#### INSTRUCTIONS TO FOLLOW
Copy the listing that follows exactly. Its pictures do not belong in the copy.

Segment Start: DATASET EXCERPT

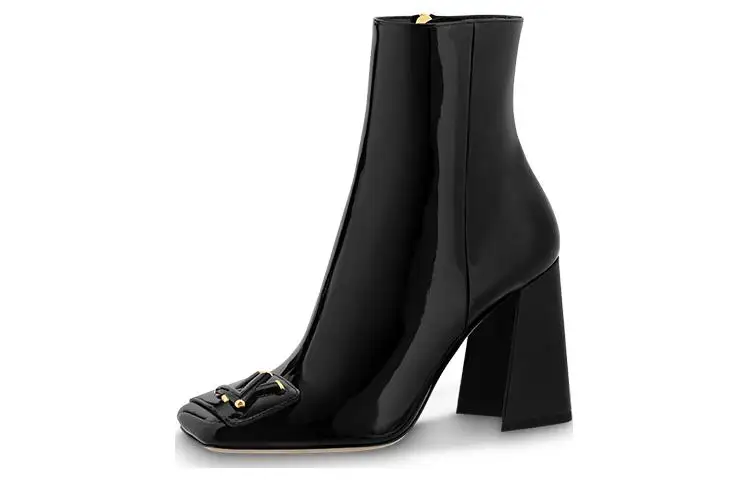 LOUIS VUITTON Shake Patent Leather Ankle Boots Women's Black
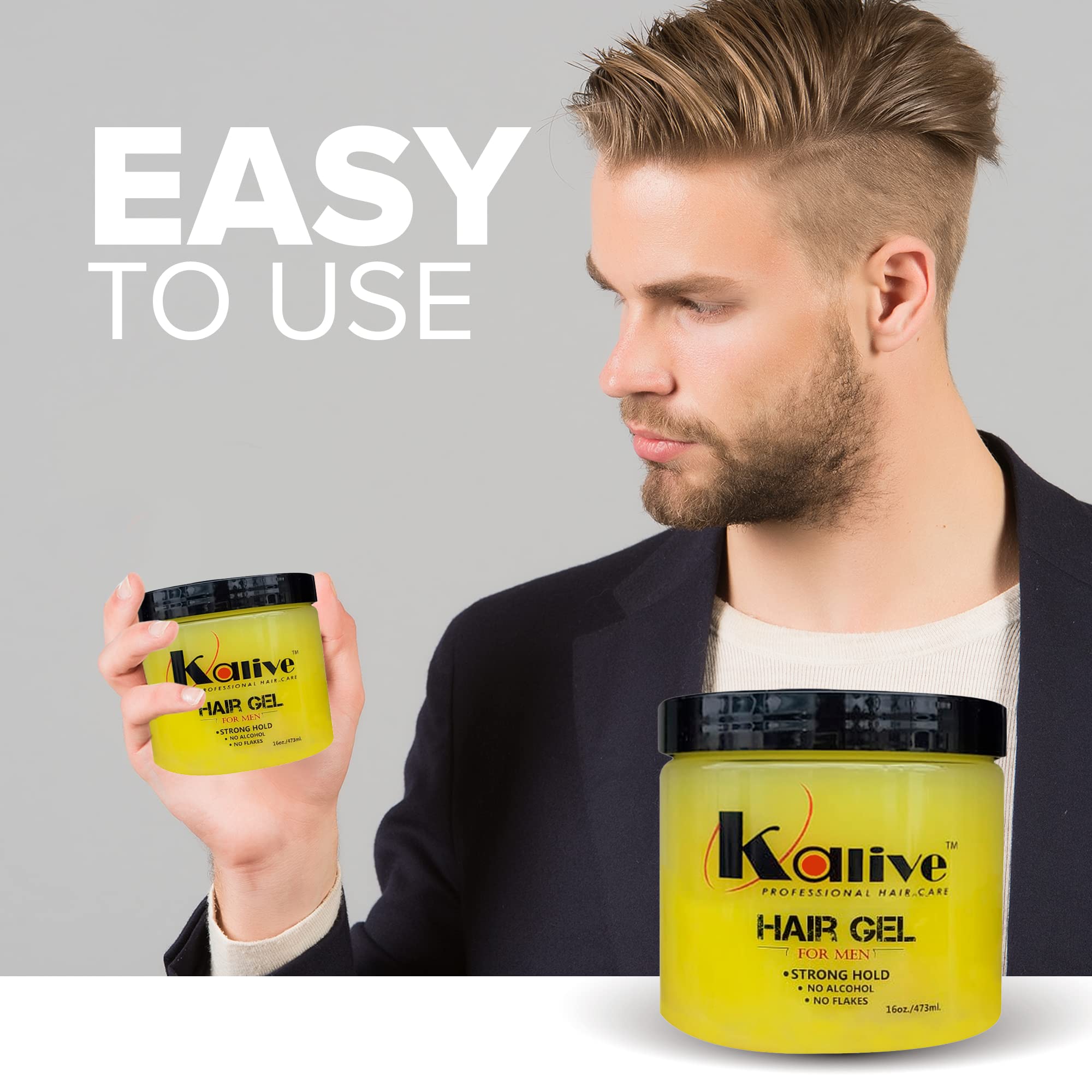KALIVE styling gel hands-application demonstrates shaping process for defined style.
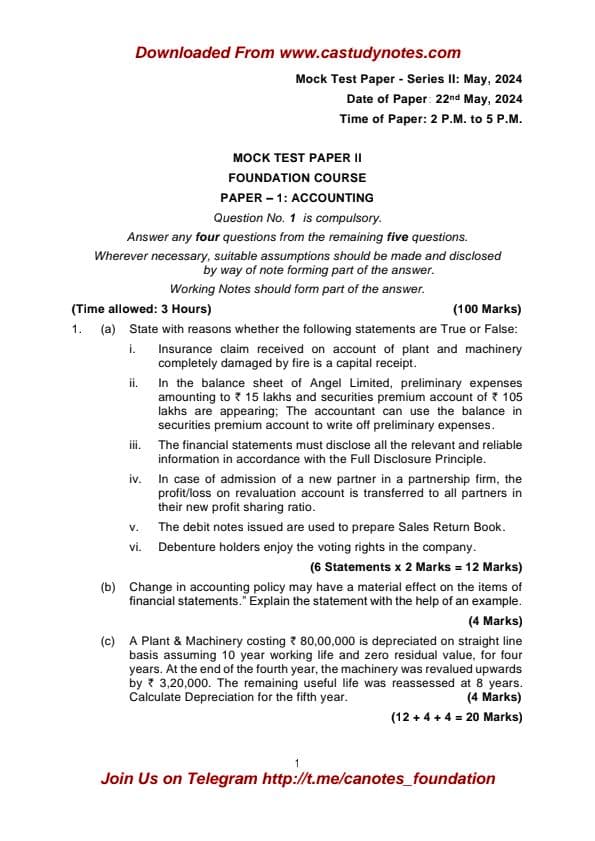 First page of Ca foundation accounts mtp important with suggested answer by institute of chartered accountants of India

Segment End: DATASET EXCERPT

#### EXPECTED ANSWER
 LOUIS VUITTON Shake Patent Leather Ankle Boots Women's Black
KALIVE styling gel hands-application demonstrates shaping process for defined style.
 First page of Ca foundation accounts mtp important with suggested answer by institute of chartered accountants of India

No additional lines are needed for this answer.